A state can't make it illegal to call oneself a psychologist or to enforce laws "limiting the ability of individuals to dispense personal advice about mental or emotional problems based on knowledge gleaned in a graduate class," according to an interesting opinion from the Fifth Circuit Court of Appeals in regarding a law in Texas. (The decision is from last month, but just came to my attention this week.)
AlexRK via Foter.com / CC BY-NC-ND
Mary Louise Serafine sued Tim F. Branaman and Darrel D. Spinks, the heads of Texas State Board of Examiners of Psychologists, over their official demand that, while she was running for state Senate as a Republican in 2010, she cease describing herself as a "psychologist" and that she "desist from offering or providing psychological services." (She described herself as an attorney and psychologist on her campaign website.)
Serafine insisted that this demand violated the First and Fourteenth Amendments. She is not an officially licensed psychologist by Texas law, nor does she have a degree in psychology. She did do a four-year post-doc fellowship at Yale (where she got her law degree) in psychology and was, for a time, a member of the American Psychological Association.
In January 2011 the state Attorney General's office, in response to the Board's complaint, sent Serafine a threatening letter about her illicit use of the term.
Serafine claimed that the relevant state law the Board was enforcing "infringed her political speech, commercial speech, equal protection rights, and right to earn a living. She also challenged the Act as vague, overbroad, and a prior restraint."
A district court rejected all her claims, and she appealed.
The Fifth Circuit Court of Appeals upheld some of her arguments. In doing so, they presented some interesting thoughts on the whole "professional speech doctrine" that the Board wanted to use to quash Serafine's expression, and helped limit the overbearing enforcement of professional licensing laws.

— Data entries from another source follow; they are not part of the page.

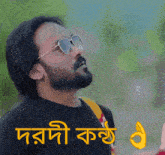 a man with a beard wearing sunglasses and a black shirt with a yellow thumbs up sign below him in a foreign language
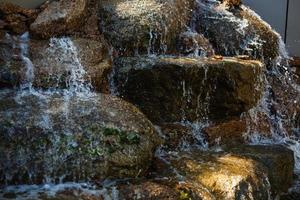 vicino su di acqua spruzzi su rocce a partire dal un' cascata foto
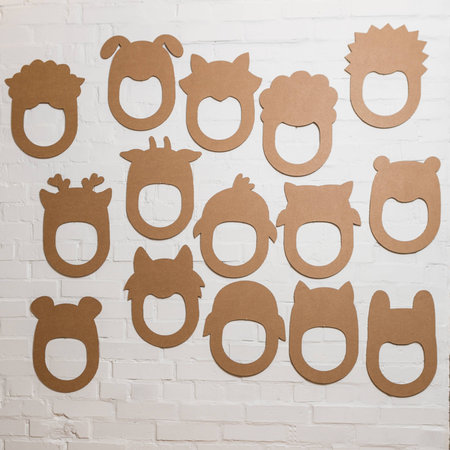 Set of cardboard masks on a white brick wall. Consept card.の写真素材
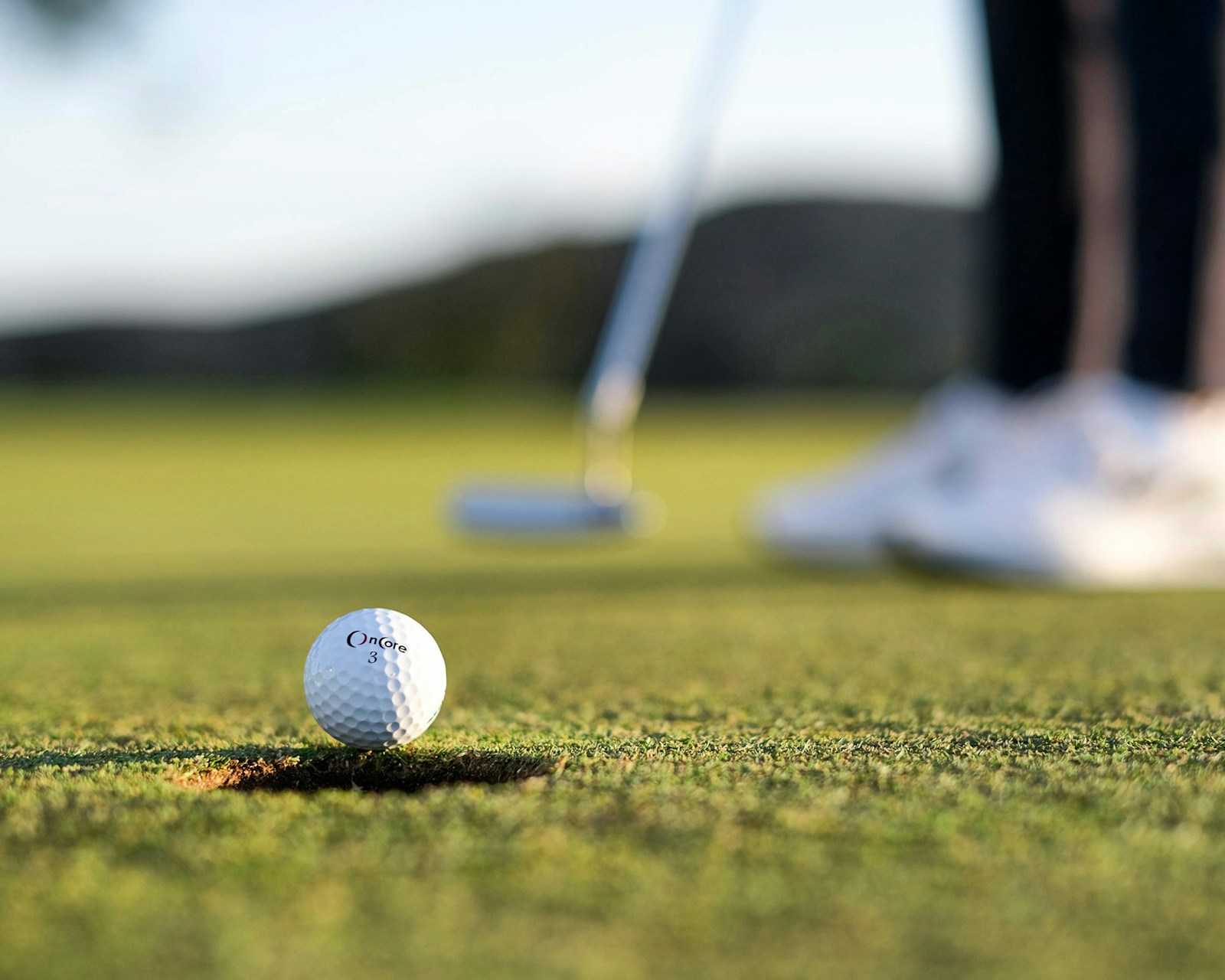 Golfový míček před hráčem a holí na trávě, ilustrační fotografie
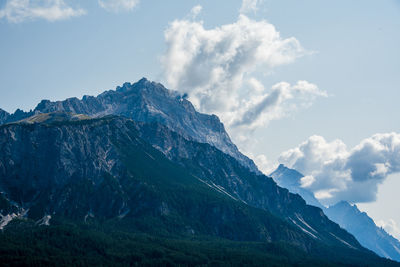 The peaks of the dolomites covered by clouds around the town of cortina d'ampezzo, belluno, italy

The Firth Circuit points out that "the extent to which a state can use its licensing power to restrict speech is unsettled. The Supreme Court has never formally endorsed the professional speech doctrine" and that "Assuming that the professional speech doctrine is valid, its application should be limited."
Further, "Where the personal nexus between professional and client does not exist, and a speaker does not purport to be exercising judgment on behalf of any particular individual with whose circumstances he is directly acquainted, government regulation ceases to function as legitimate regulation of professional practice with only incidental impact on speech; it becomes regulation of speaking or publishing as such, subject to the First Amendment…"
The Fifth Circuit concludes, then, that:
Serafine's speech on her campaign website was far removed from the context of professional speech. She was not providing advice to any particular client but communicating with the voters at large, so the professional speech doctrine is inapplicable. Serafine's campaign statements are entitled to full First Amendment protection….[and since] Serafine was seeking votes, not clients…the inclusion of "psychologist" on the website was not commercial speech, and therefore the decisions involving a state's legitimate power to restrict the use of titles in the commercial context are inapplicable.
The Fifth Circuit also considered her claim that the statues she challenged, Sections 501.001 through 501.505 of the Texas Occupational Code, were unconstitutionally overbroad, and agreed.
It concluded, after noting that the giving of psychological advice, even if paid for it, is not in and of itself "commercial speech" which is properly construed as speech which merely proposes a commercial interaction, that aspects of the statute as written are indeed overbroad.
Why? While the law "certainly includes professional psychologists, it also applies to other professionals and citizens. Besides leaders for AA, Weight-Watchers, or other self-help groups, someone who has taken graduate classes in psychology, fitness, or counseling and has written a marriage-advice column or parenting blog could conceivably be within the ambit of" the law.
The Court refers to a previous case I reported on in which occupational licensing laws in Kentucky regarding psychology were literally used to censor a newspaper advice column, until the columnist, John Rosemond, won his suit.
A press release from Serafine points out that the precedent in her case could, and likely should, affect other existing state-level psychology licensing schemes.